Like I said, I never imagined this would grow into a three part series, but once I got started, I just kept writing! This is part one of our financial journey. Parts two and three will be coming in future weeks. Part one details our journey from age 20 to 28. Part two will be about our finances from age 28 to 38 and part three will be about our finances over the last couple of years.

At age 20, I was living at home and attending community college. My parents couldn’t afford to help me financially so I was on the hook for all college expenses myself. (*Note, I was able to live at home, rent-free and that in itself is a form of major help!) I played soccer and my coach there really liked me and helped me to get a full-ride athletic scholarship.  I lived at school from ages 21 – 22 and left college debt free. At the same time, The Husband lived at home and worked at a crummy job that paid tuition reimbursement, so he also left college debt free.

Age 22 – 25

I moved home when my athletic eligibility ran out, not because I couldn’t have finished my education, but because I was so homesick I was ready to be home. By this time, my dad had retired and ironically made more money retired than he made working so he was able to help me financially with the rest of my school.

While I was away at school, The Husband graduated college and got a job working in IT for a large, Bay Area-based company. It was close to home and the most money he had ever made.

Also, 5 months after moving back home, The Husband and I got married. We got married on the cheap… before it was trendy to do so. We spent $7500 on our entire wedding: dress/tux, venue, DJ, flowers, food, photographer, everything. However we didn’t have the money to do that at the time. We cashed out a small 401K The Husband had had to pay for the wedding.

We moved in with my parents while I finished college and got my credential.

We also had our first child.

Age 25 – 27

We lived with my parents for just over two years.
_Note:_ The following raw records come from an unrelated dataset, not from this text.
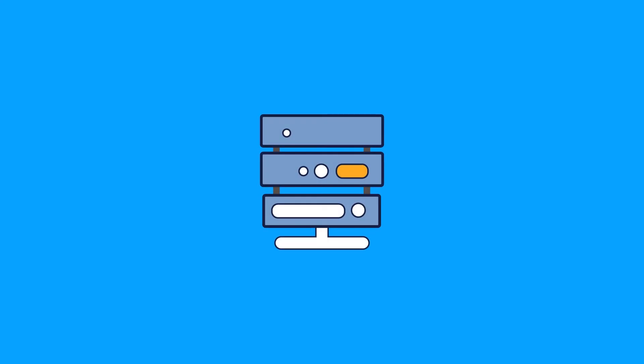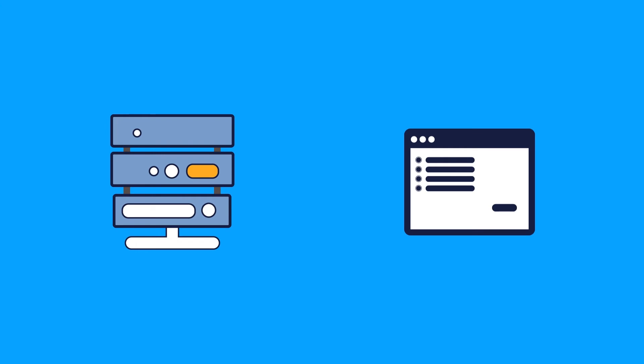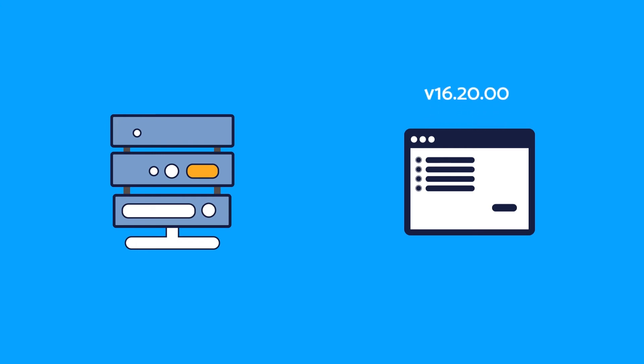Once a device is discovered by Device42, you can dig deeper to view the installed software. Get details such as version numbers and identify other machines running the same software.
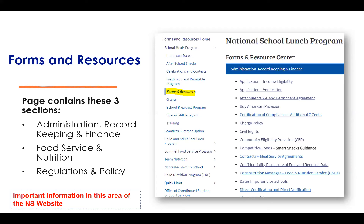The third section I want to draw your attention to is the regulations and policy memos issued by USDA. This is a link to the USDA website where all of the regulations pertaining to each program can be found, and the policy memos that have been extended in regard to those regulations.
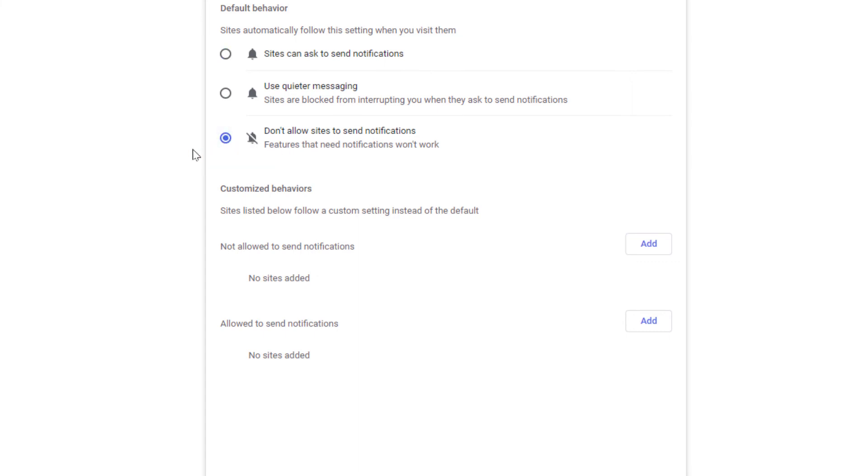That is how you enable and disable notifications on the Vivaldi web browser. Thanks for watching.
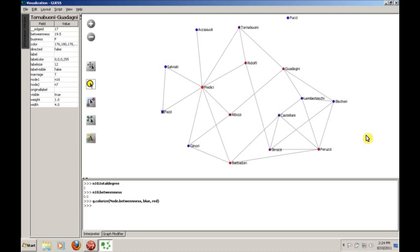Something else that we may want to show. We may actually, in addition to changing the colors or colorizing things, we may want to change the size. So betweenness is one measure of centrality. But we could also use the total degree. That's also a way to measure centrality. So let's see how the Medici do in terms of total degree. I think we know it looks pretty good. But let's see if we can visualize that. In addition to colorize, we can do something called Resize Linear, which will basically adjust the size of the node based on the value of its total degree.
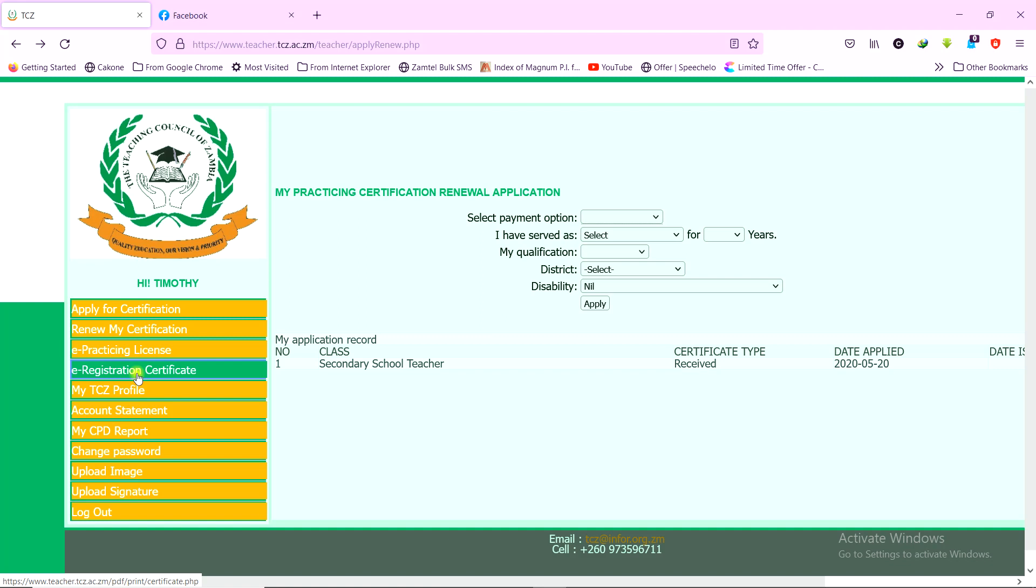So basically, this is how you can verify the status of your registration. This is how you can reset a password. This is how you can download an electronic copy of the practicing license and the registration certificate. Hope this was helpful.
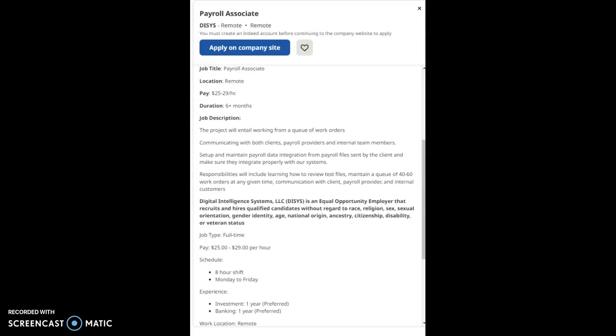I'm going to start and kick off this video with a job from this company called DISYS, D-I-S-Y-S. The job role for this company will be a payroll associate.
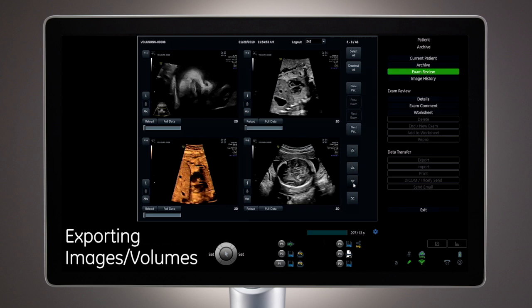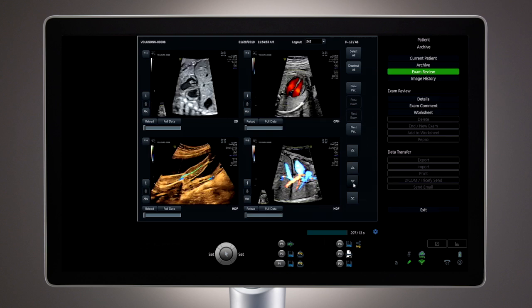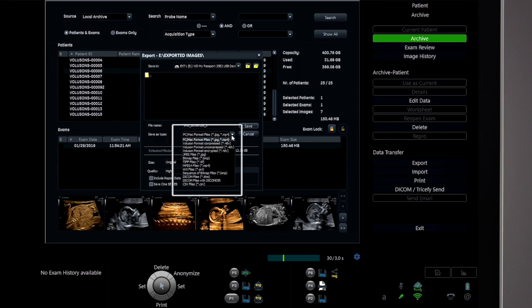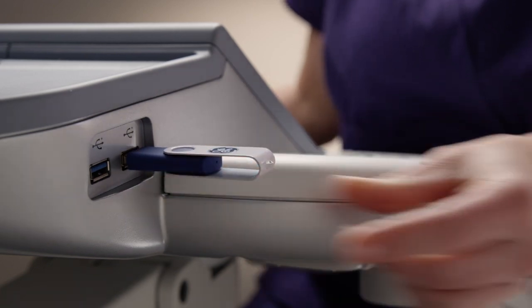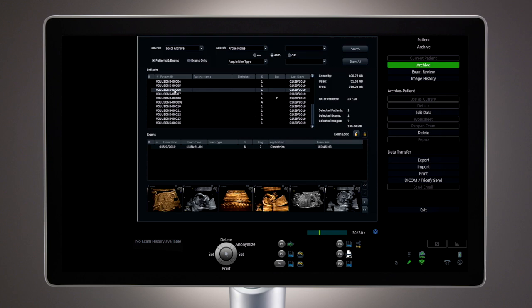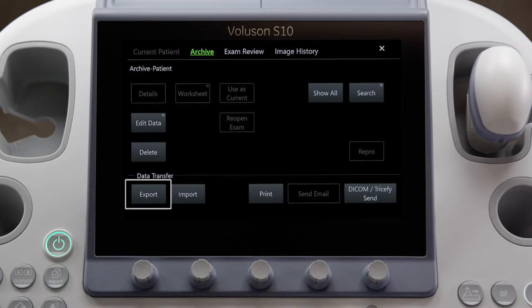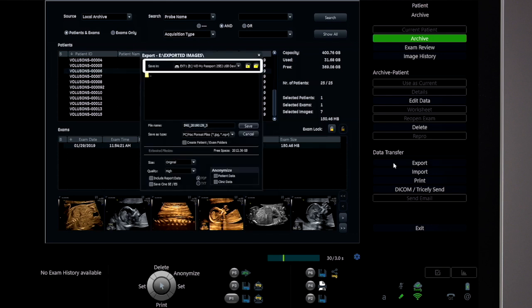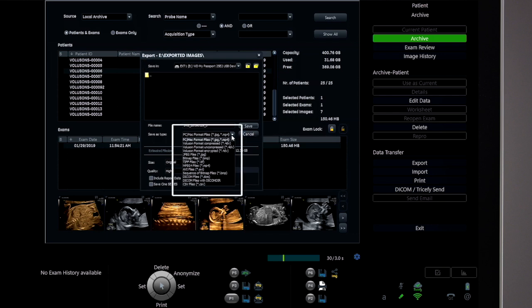Images and data from the archive menu can be easily exported in a variety of formats for longer-term storage or for portability to a CD, DVD, or USB drive. To export exams, select a patient from the list, then choose Export from the display menu or touch panel. A pop-up menu will appear to indicate which media the data is to be exported, along with a variety of choices of export formats.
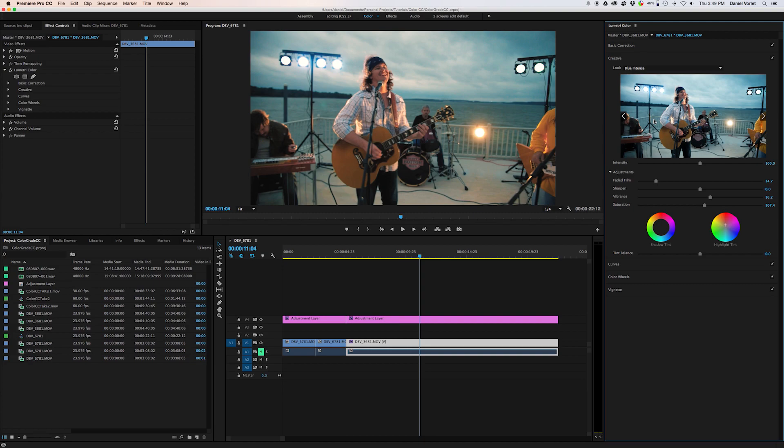Color grading really is all about just messing around and seeing what looks the best, whatever your tastes are. I really hope this helps — definitely give it a big thumbs up, it helps me out a lot. And leave a comment down below with what you think and if you have any questions.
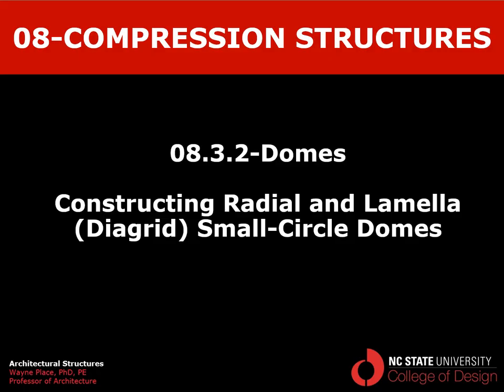That concludes our video on constructing radial and lamella or diagrid small circle domes.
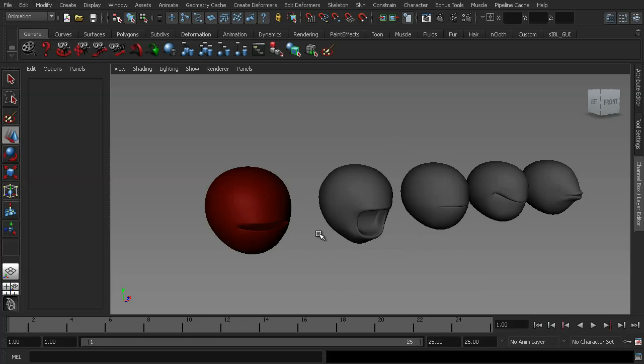We can also use it to create inanimate objects such as flags blowing and specific animations for a character's mouth.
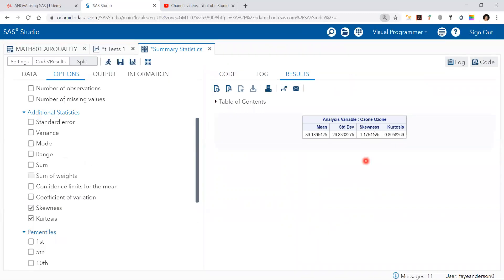So we know that if skewness is far from zero then the variable is not normally distributed, and at the same time if kurtosis is far from three then it's not normally distributed.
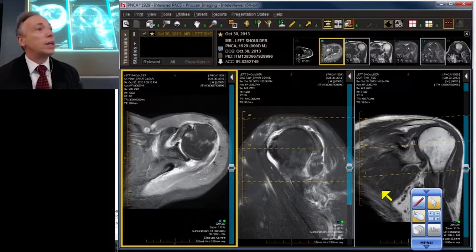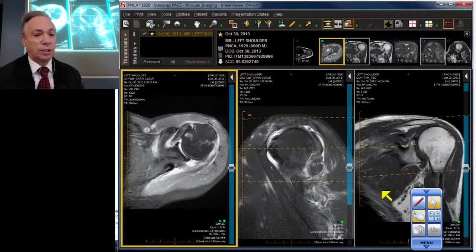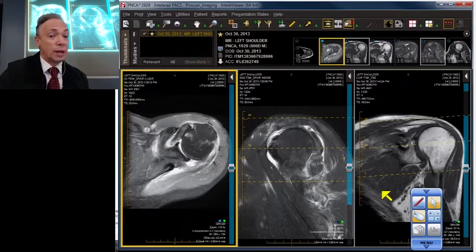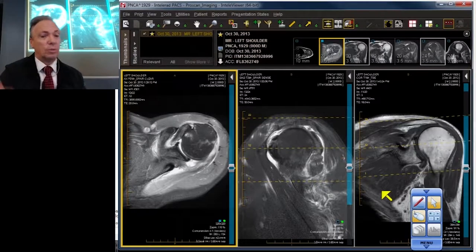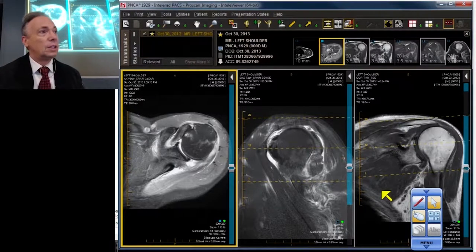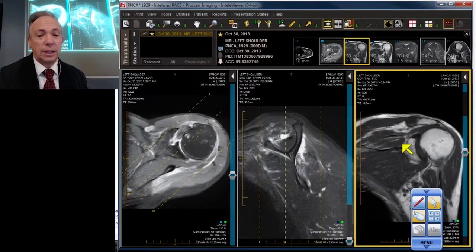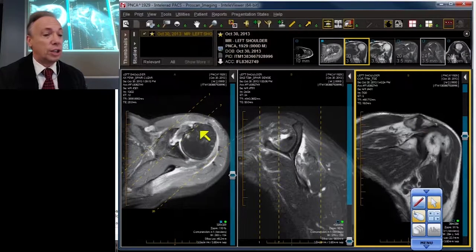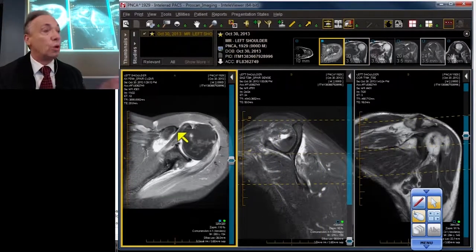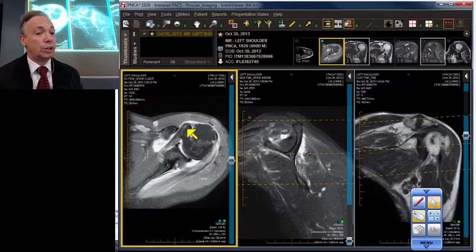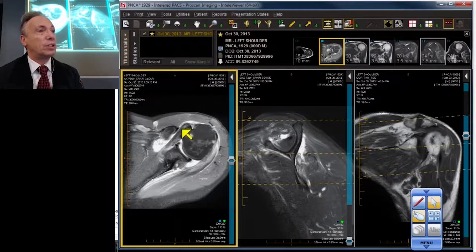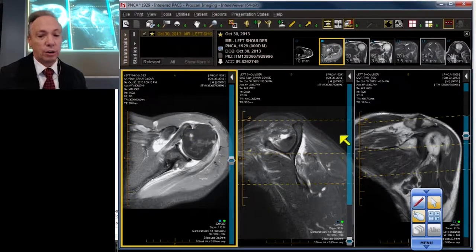We've been talking about the rotator cuff and its six major components: supraspinatus, infraspinatus, teres minor, subscapularis, coracohumeral ligament, and capsule. We've also been talking about the arches — the lateral arch underneath the acromion, the medial arch underneath the AC joint, and the subcoracoid or anterior arch, which can damage or injure the lesser tuberosity, the biceps, and the subscapularis — the forgotten arch.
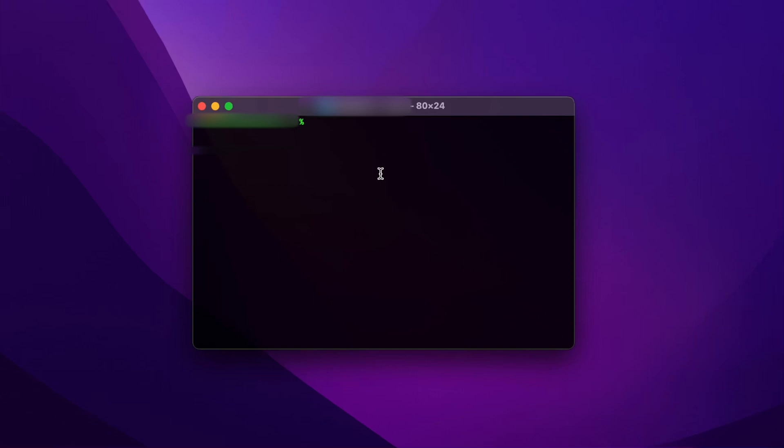The first step is to figure out if the Universal Clipboard is actually enabled on your Mac, on your computer. So here is how you do it.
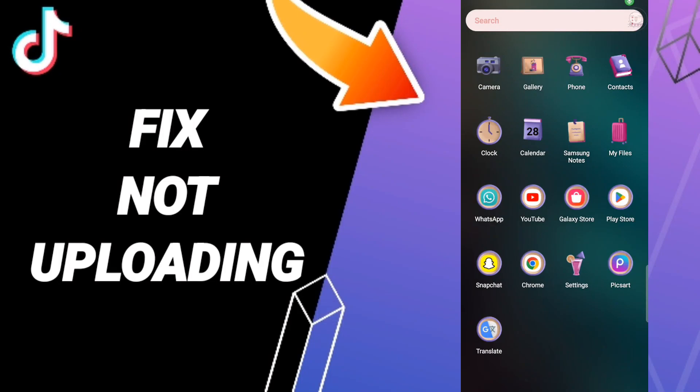Hello friends, today we'll talk about how to fix or solve TikTok not uploading.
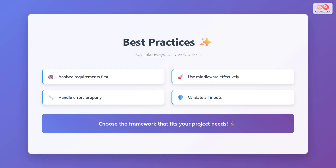As we conclude our comparison, let's review the best practices for developing with either framework. The most important step is to analyze your requirements first before choosing a framework — consider factors like performance needs, feature requirements, team expertise, and long-term maintenance. Both frameworks benefit from effective middleware usage for handling cross-cutting concerns like authentication, logging, and request validation. Proper error handling strategies are crucial regardless of which framework you choose; implement comprehensive error handling that provides meaningful feedback to clients while logging detailed information for debugging.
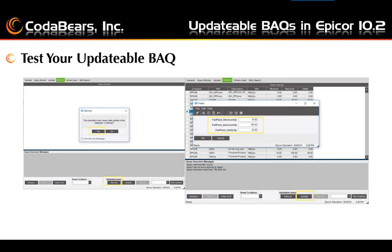Then you go ahead and test your updatable BAQ. Here we are testing the Part Min, Max, and Safety updatable BAQ. To test your query, you will go to the Analyze tab and click the Get List button. After you click the Get List button, a warning will appear and you can answer yes to this warning. It is saying that it would have caused changes to the database, but it is really only reading the database to get the list of potentials to update. After the list is displayed, you can double-click any row in the BAQ results and update a value. Here you can see the values are updated for the Min, Max, and Safety values.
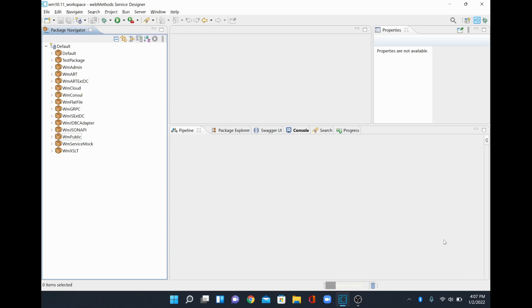Hi, in this video we are going to see how to enable the dark mode in webmethod designer. Currently I am using webmethod 10.11 version and I am also using service designer.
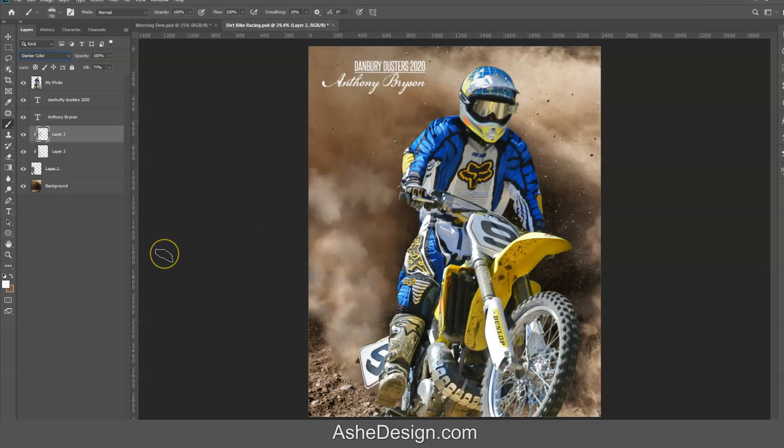But so you get the idea — this is how we can work with our Two-Tone Cloud Brushes, and many others. Enjoy!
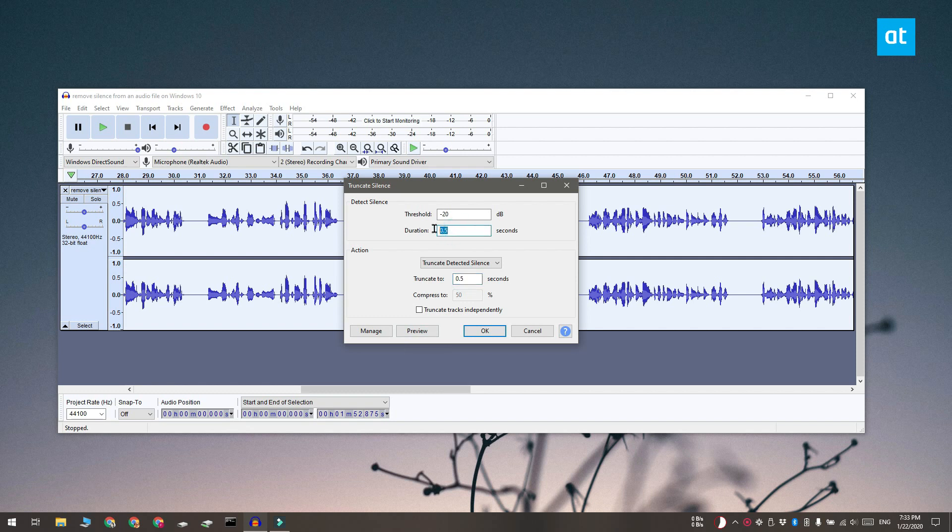The duration field is how the app identifies silence, so if there's nothing that's spoken or sung for 0.5 seconds it indicates a silent portion in the audio file.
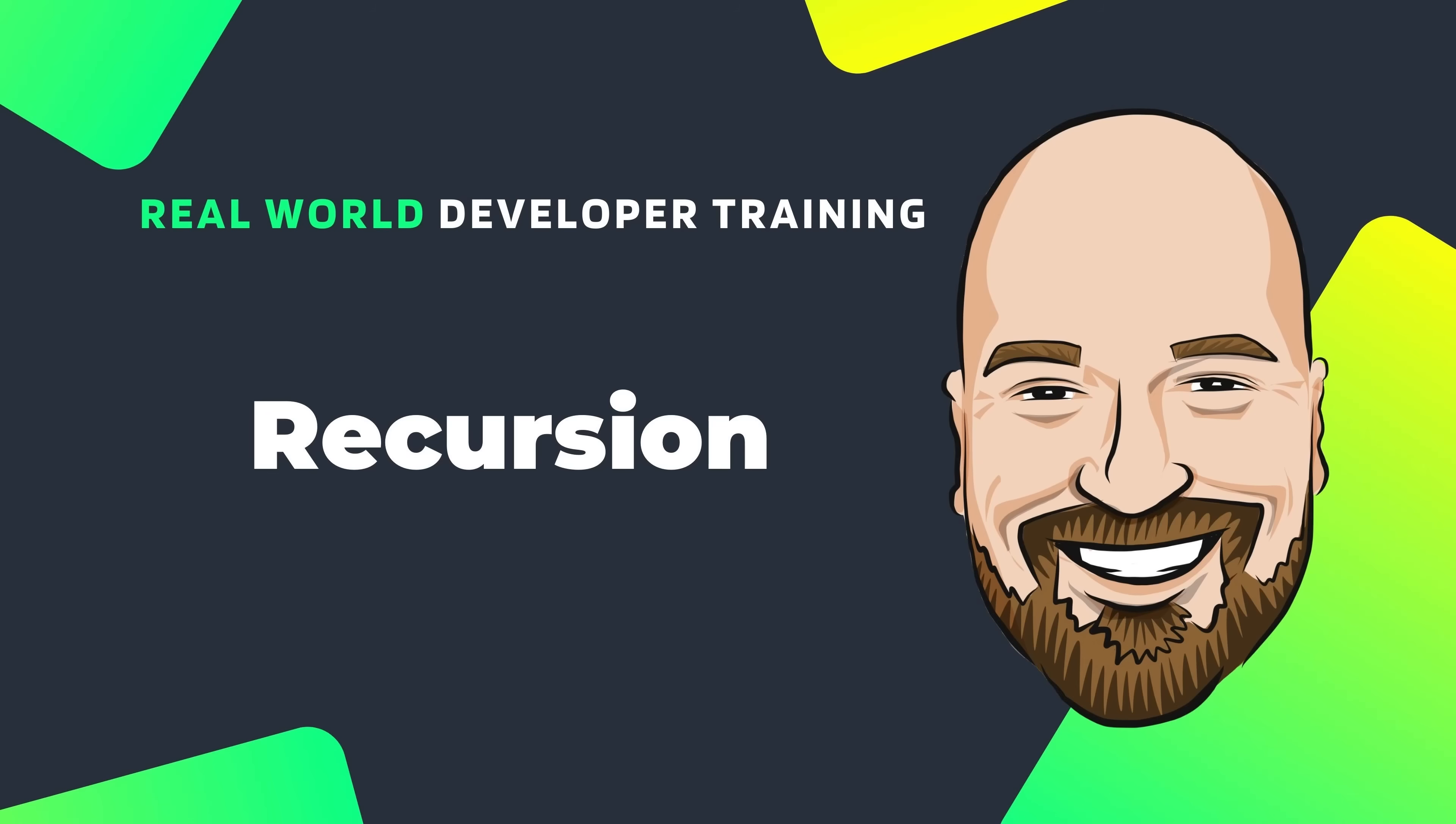In this video, we'll learn what recursion is and how to utilize it properly in an application. We will also talk about the best practices for using recursion, as well as the pitfalls to avoid.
Then we bought our first house. We had no money in savings and no down payment. No problem, right?

We borrowed $6000 from my sister and her husband to “have in the bank” as savings when we bought our house.

At this time mortgage companies were doing lots of shady things and because we had good credit, we qualified for a 0% down, interest only loan, with a variable rate. In fact, we had two loans: one at 80% and one at 20%, both interest only.

When we bought our home, we didn’t buy more than we could afford, however, we had all these new bills we’d never had to pay before and I was only working retail 50%. I worked two days one week and three days the next. Any money we needed over and above our earnings was put on the credit card.

Our credit cards were nearly maxed out and we were living paycheck to paycheck. We had to pay my sister and brother-in-law back and money was tight. We were never late on any bills and never went over the limit on our credit card, but our financial situation was rough!